> **Collected material**:
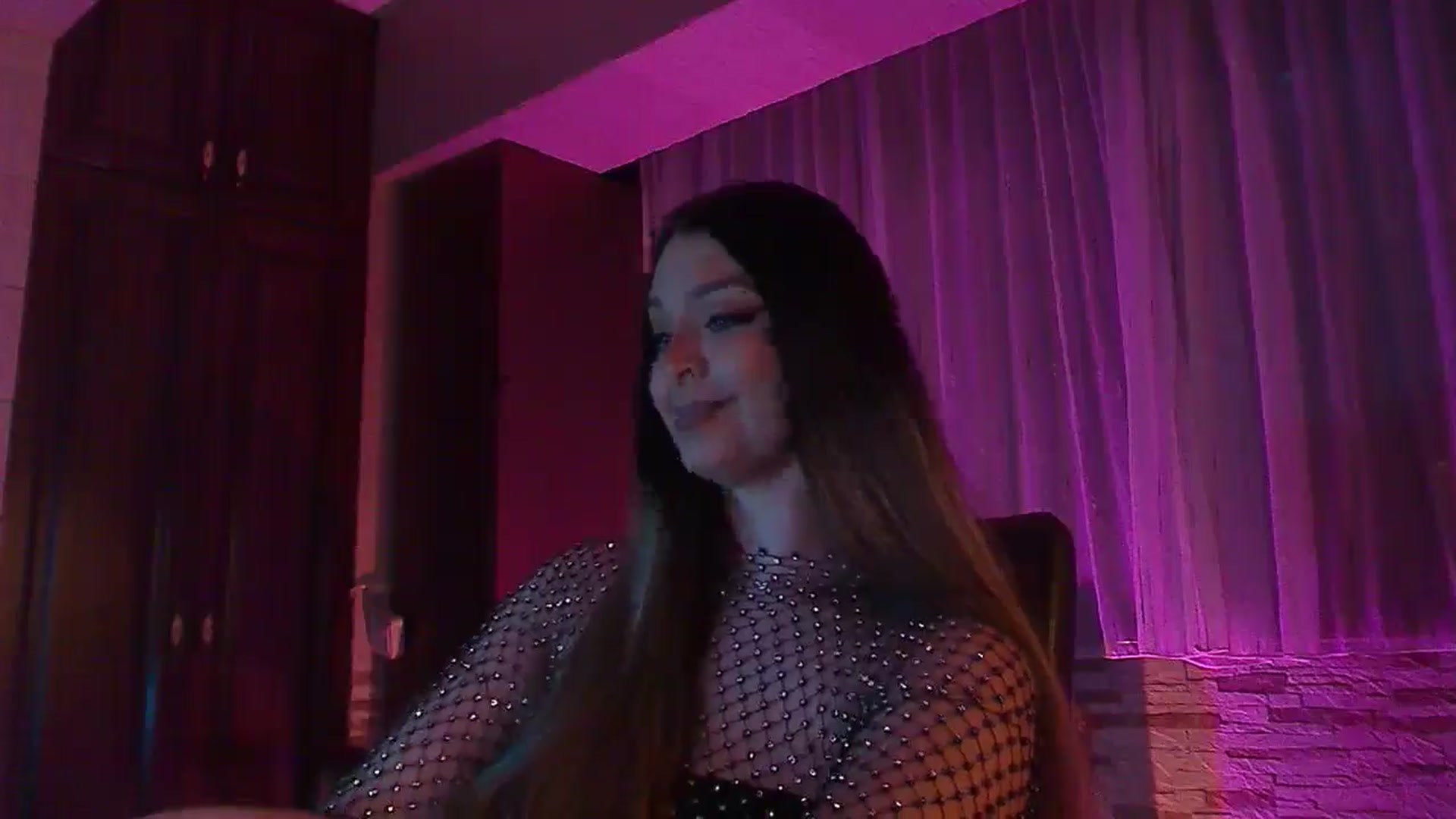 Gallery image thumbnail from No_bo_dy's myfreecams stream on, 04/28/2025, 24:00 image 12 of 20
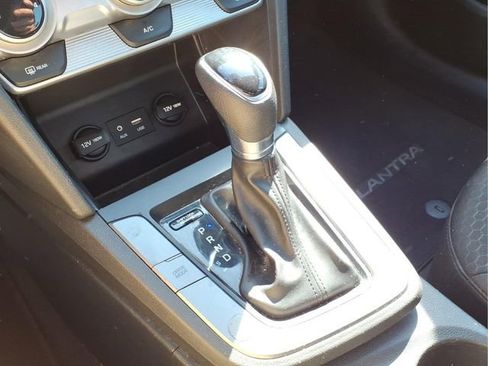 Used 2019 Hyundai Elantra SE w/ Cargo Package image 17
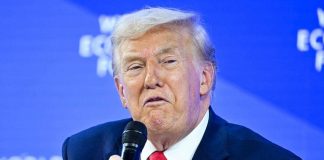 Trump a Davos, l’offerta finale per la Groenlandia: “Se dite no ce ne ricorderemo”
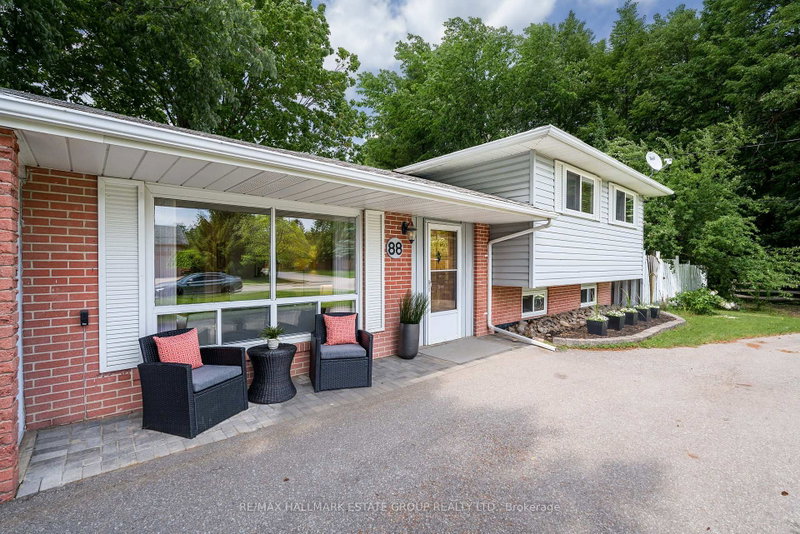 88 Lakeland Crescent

> **What is required**: Since the listing holds pictures, return everything else in it exactly and omit those.

> **Task result**:
 Gallery image thumbnail from No_bo_dy's myfreecams stream on, 04/28/2025, 24:00 image 12 of 20
 Used 2019 Hyundai Elantra SE w/ Cargo Package image 17
 Trump a Davos, l’offerta finale per la Groenlandia: “Se dite no ce ne ricorderemo”
 88 Lakeland Crescent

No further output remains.